2014 - 2016: A nameless black cat.

2016 - present: Casey (Robber fly).


----------



## Pompadork (Feb 11, 2018)

2015(?)-2016: An edgy purple unicorn named Lil Darlin
2017-present: An emo highlands cattle named Axxe!


----------



## Mayflower (Feb 11, 2018)

Constance is the only fursona I've ever had. I had several other ideas before developing her, but it's been so long that I don't even remember them anymore. 
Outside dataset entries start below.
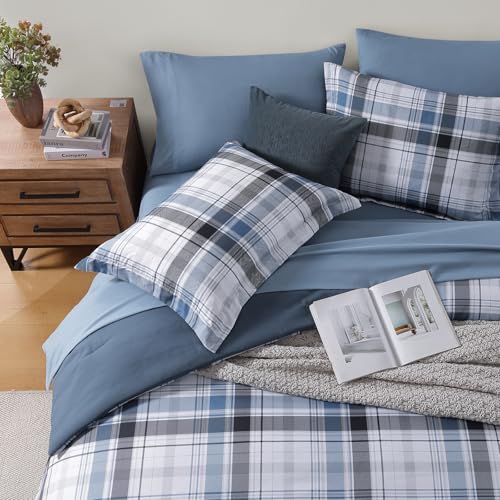 Image of MaiReve Full Size Plaid Comforter Set Lake Blue, Classic 7 Pieces Farmhouse Bedding Set, All Season Lightweight Bed in A Bag with Sheets, Pillowcases & Shams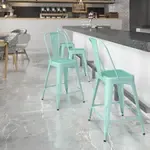 Flash Furniture , ET-3534-24-MINT-GG, Indoor Outdoor Barstools, Stackable, Bistro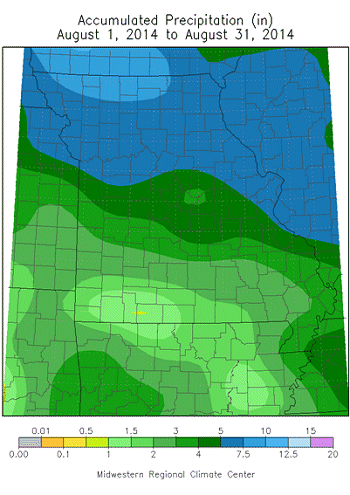 Accumulated Precipitation (in): August 1, 2014 to August 31, 2014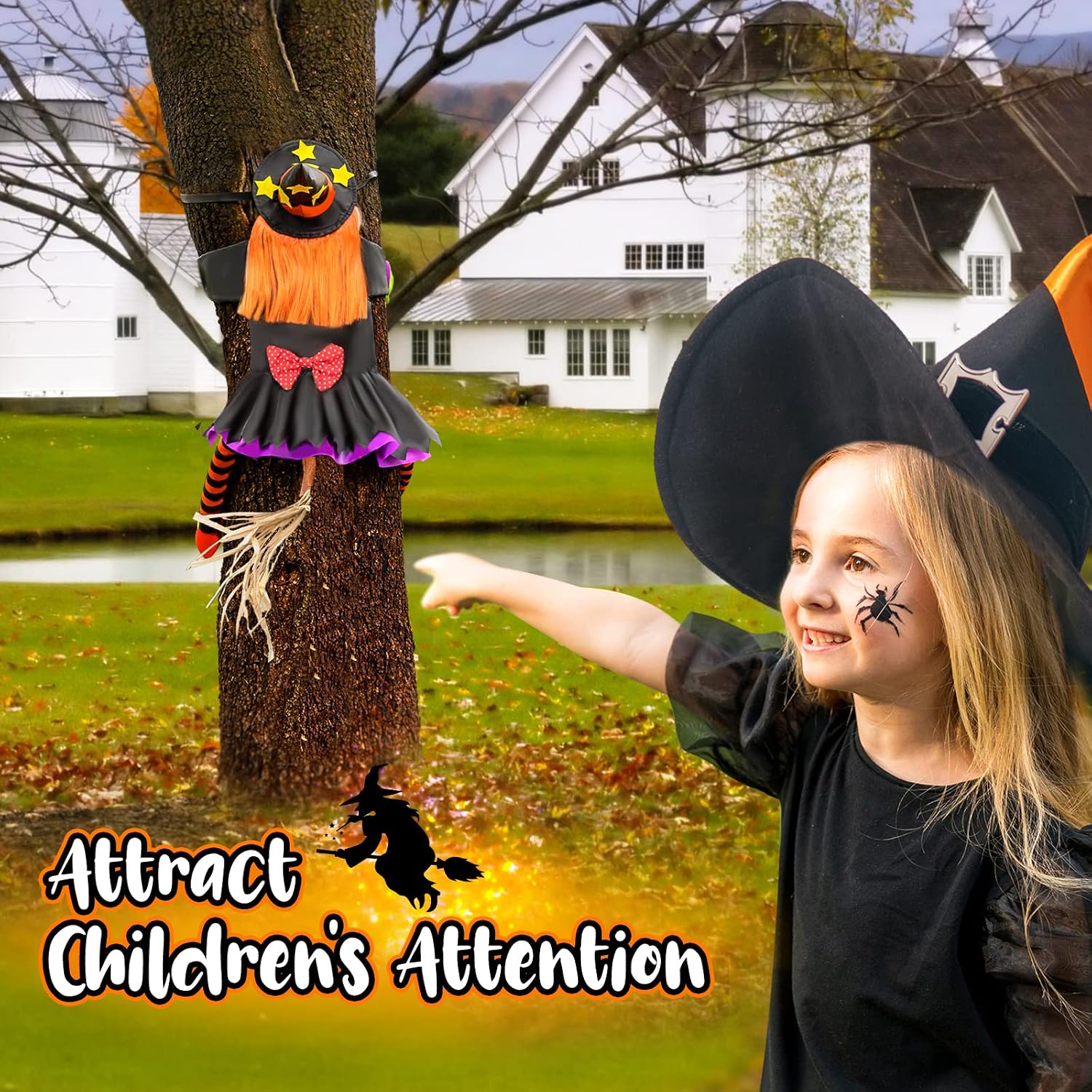 Halloween Decorations Outdoor Crashing Witch: 44'' Flying Crashed Witches Hanging into Tree - Halloween Decor for Yard Garden Porch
There have been times where I've been a little envious of other people's fursonas. Mainly when they were very beautiful, original or just very popular. It has often been petite or innocent characters. Things that Constance simply isn't. It hasn't made me change, though, as Constance is simply my favorite anthro character. Flaws and all.


----------



## backpawscratcher (Feb 11, 2018)

Only the one fursona.

<- this guy here.

Happy to play other parts, but to me it’s just BackPaw playing dress up.
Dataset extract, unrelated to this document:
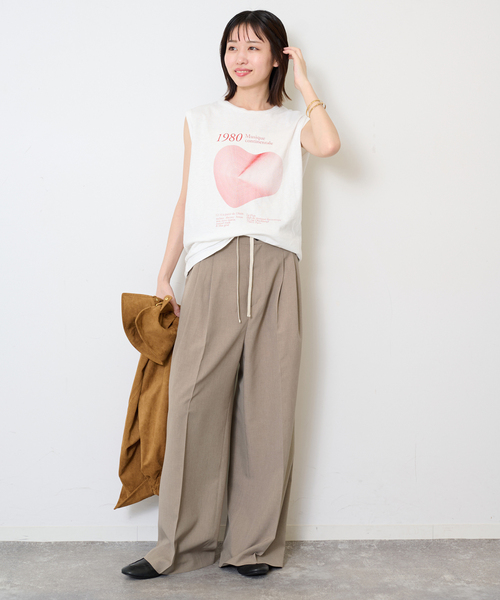 SLOBE IENA（スローブイエナ）の「《WEB限定/接触冷感/UVカット/吸水速乾/4サイズ展開/追加》ワイドスラックス（スラックス・レディース・グレー/ベージュ・36/40）」の22枚目の写真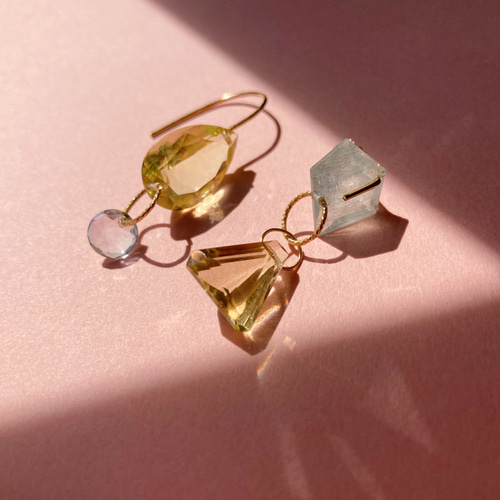 人気 ♡K14♡アクアマリン レモンクォーツ ピアス | irai.co.id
You should see his dog impression.  It’s beautiful, like King Lear at the RSC.


----------



## Barley the Slothbat (Feb 11, 2018)

one right now, a slothbat, but I'm in the process of making another.


----------



## Ginza (Feb 11, 2018)

I've had too many.. (although, I didn't technically know what a "fursona" was as I wasn't in the fandom for most of these. However, I did say they were my "animal alter ego" so I would say that yes, they're fursonas lol)
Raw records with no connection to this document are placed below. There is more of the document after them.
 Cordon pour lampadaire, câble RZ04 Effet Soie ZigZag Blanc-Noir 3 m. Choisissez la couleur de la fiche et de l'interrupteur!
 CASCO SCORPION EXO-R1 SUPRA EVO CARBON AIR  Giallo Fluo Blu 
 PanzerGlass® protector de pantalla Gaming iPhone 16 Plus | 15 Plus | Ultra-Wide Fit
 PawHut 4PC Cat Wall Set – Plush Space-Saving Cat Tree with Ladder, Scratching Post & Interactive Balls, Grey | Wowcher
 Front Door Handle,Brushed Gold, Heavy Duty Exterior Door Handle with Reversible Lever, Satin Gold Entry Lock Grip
Altoro- Male, white schnauzer with blue eyes 

Robbie- a lovely male raccoon. I liked this one a lot, and have been considering whether to make an OC out of him or not

Akiak- female wolf. She was a sona for a loooong time 

Jazer- female mutt 

Calvin (current)- male gray wolf


----------



## pupsicle-c (Feb 11, 2018)

✧・Oh man, I've had a few! First was like, a green wolf with black markings that could turn into a black wolf with red markings (back when I was super edgy lol, their name was Teiara),  & then for a short time I had a koala (Tobi), then a cow (Olli), a sheep (Unnamed), & finally, Sugar the Fennec Fox !!・✧


----------



## Skakuna (Feb 11, 2018)

Cukier the Schnauzer was first, then there was Lucy. Now it's my current, fluffy Skakuna the Pargia ^^


----------



## CreamyOpossum (Feb 11, 2018)

I’ve only had 2 main ocs throughout 6 years of being a furry

2012-2015   Nightmare, female-an all black wolf with long hair that has red tips
2015 -now   Milo, female- a creamy yellow Virginia Opossum


----------



## Razorscab (Feb 12, 2018)

current fursonas:
FANG- an outgoing and laid-back unknown subspecies of wolf
Xannus- a grumpy, antisocial striped hyena with tentacles (tentayena)

past fursonas:
Mandie- a Naruto/Lion King crossover character that an ex made for me
Chase- an openly gay coywolf
Joanie- a punk rock wolf who played bass in a band


----------



## Signaturefox (Feb 12, 2018)

Razorscab said:


> current fursonas:
> FANG- an outgoing and laid-back unknown subspecies of wolf
> Xannus- a grumpy, antisocial striped hyena with tentacles (tentayena)
> 
> ...



I’ve had 1 in the past, that I still use and another one


----------



## Okami_No_Heishi (Feb 12, 2018)

Okami, of course. But I would like a deer fursona and a squirrel. Future developments.


----------



## Signaturefox (Feb 12, 2018)

Okami_No_Heishi said:


> Okami, of course. But I would like a deer fursona and a squirrel. Future developments.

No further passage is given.